• ACTIVITY: Lines before the one containing "Photo of 2024" are not wanted; restate the rest below word for word, through the last line, but drop any pictures.
======== COLLECTED MATERIAL
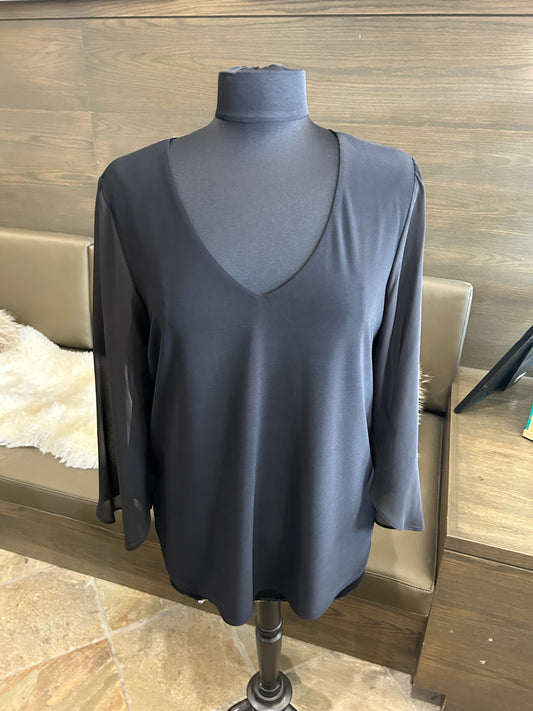 Last Tango V-Neck Chiffon Butterfly Sleeves Top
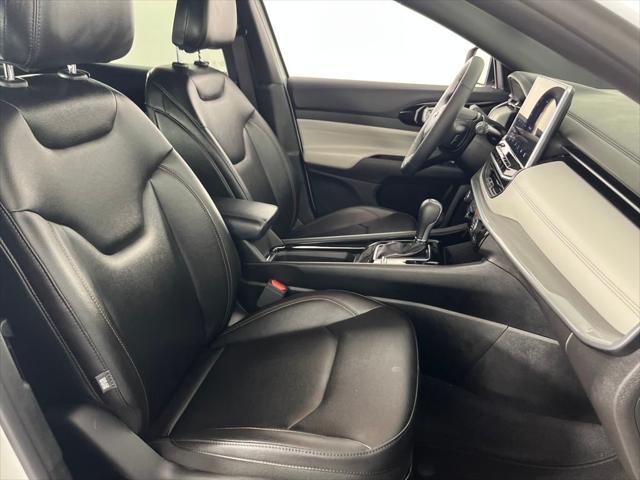 Photo of 2024 Bright White Clearcoat Jeep Compass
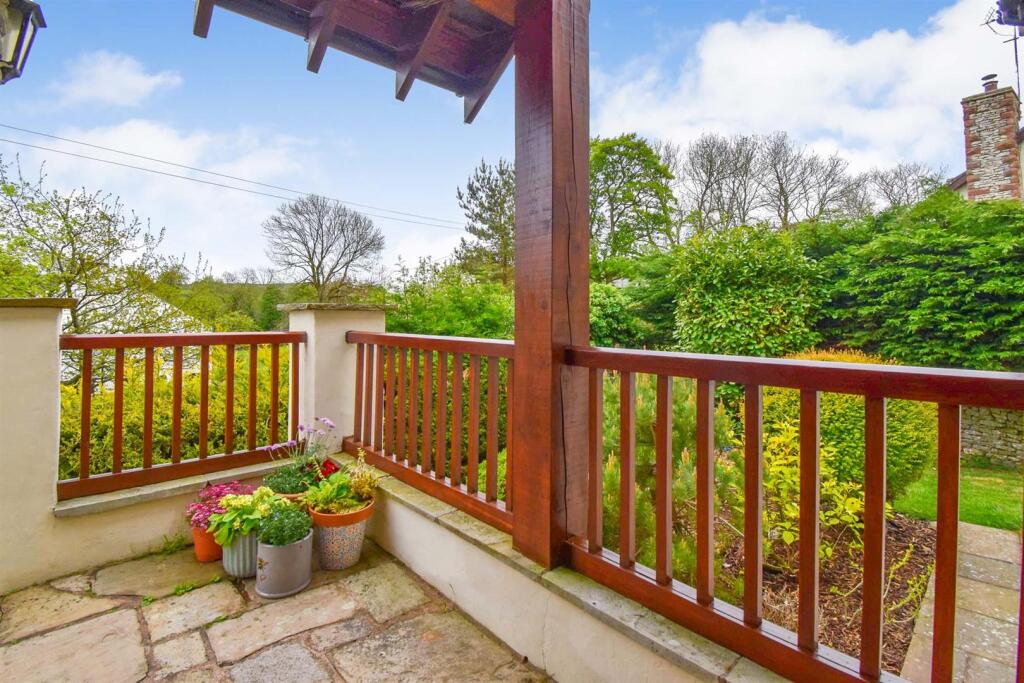 Holly Bank House Open Porch.jpg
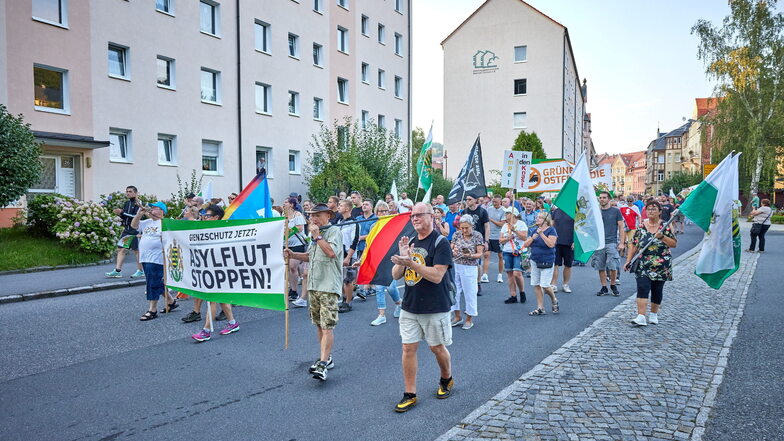 Demo in Sebnitz hinter dem Banner der rechtsextremen Freien Sachsen.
================
• REPLY:
 Photo of 2024 Bright White Clearcoat Jeep Compass
 Holly Bank House Open Porch.jpg
 Demo in Sebnitz hinter dem Banner der rechtsextremen Freien Sachsen.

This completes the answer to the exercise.